When you start in a new sales role and begin to approach prospects you will quickly learn they don’t seem that interested and are indifferent. Nobody cares and you don’t seem to matter even though your new employer has break-through technology and products and is disrupting whole industries.
Most of us have been brought up in either a features-based, benefits-based or value proposition school of selling e.g. the customer will get X, if they do Y i.e. buy from us. It’s a very logical, causal sequence you follow to persuade people to give you business. But out in the real world of prospecting we need better tools to handle the very tough conditions such as these.
- I hear you, so what?
- So you’re better, but how will I be better?
- What is it I cannot achieve without you?

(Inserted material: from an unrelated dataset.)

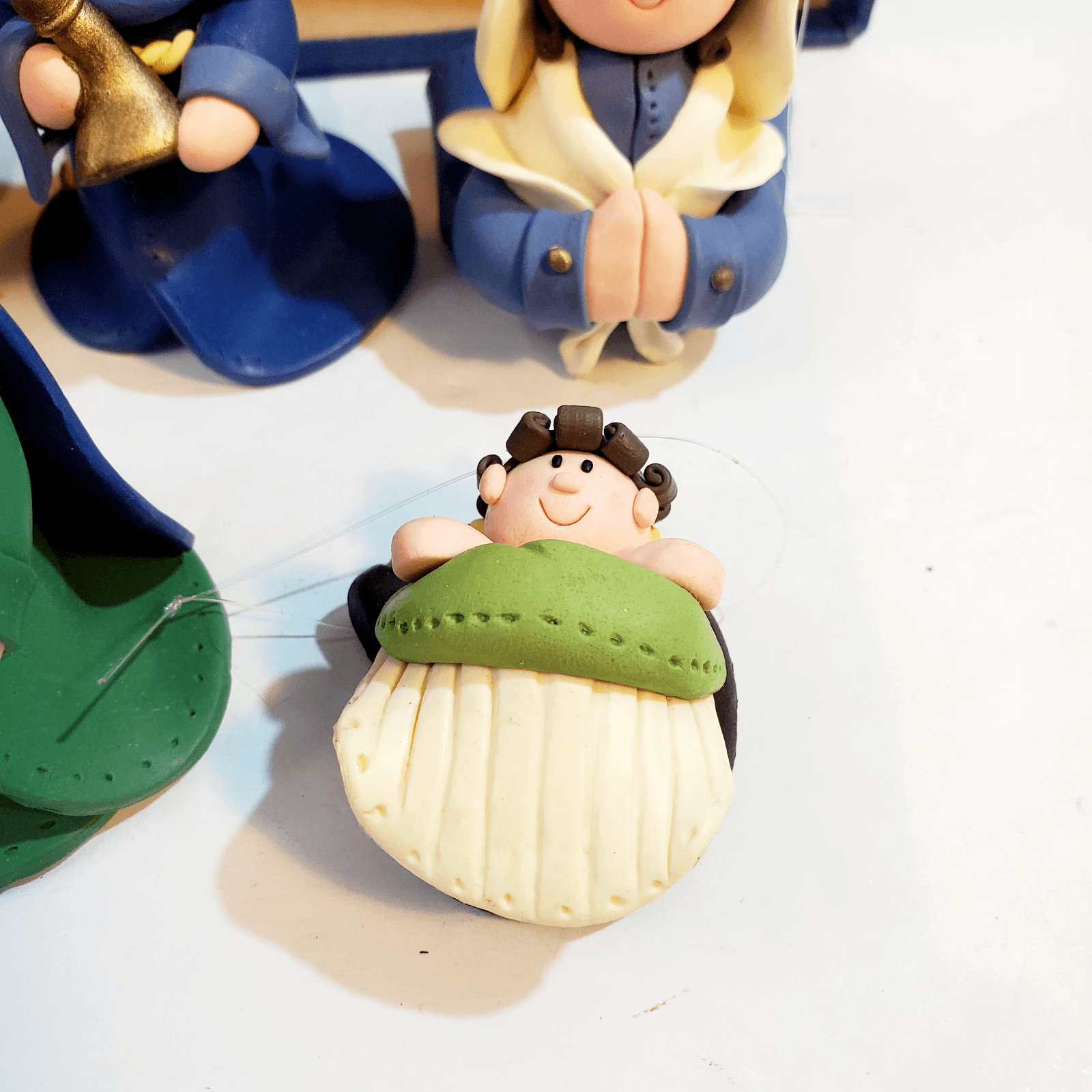 Christmas Children's Nativity Ornaments Set of 7 Polymer Clay Figures & Creche - Thumbnail 8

Handling these reactions (especially on a telephone) defeats even the “best” salespeople. It means doing things that traditional sales training would tell you not to do, such as:
1 You need clarity in your communications, clarity you only get through developing language that is closer to soundbite than prose. Prospects remember what they heard, not what you said.
2 You need to make a big claim up front. Not a big lie, but a big claim. Otherwise, heads won’t turn and you will not get the attention you need. Think about it, people don’t change unless you can promise a better future or result.
3 Early in the sales process – the first conversations – customers cannot process benefits or product features or detailed information. They are more likely to pay attention to how they can avoid failure and not repeat past mistakes.
The biggest challenge in a sales role is getting the prospect’s attention. After that you only have to deal with good problems, which we call sales or selling. You can learn how to sell, but you cannot sell until you can get the attention of strangers, without turning to half truths and untruths.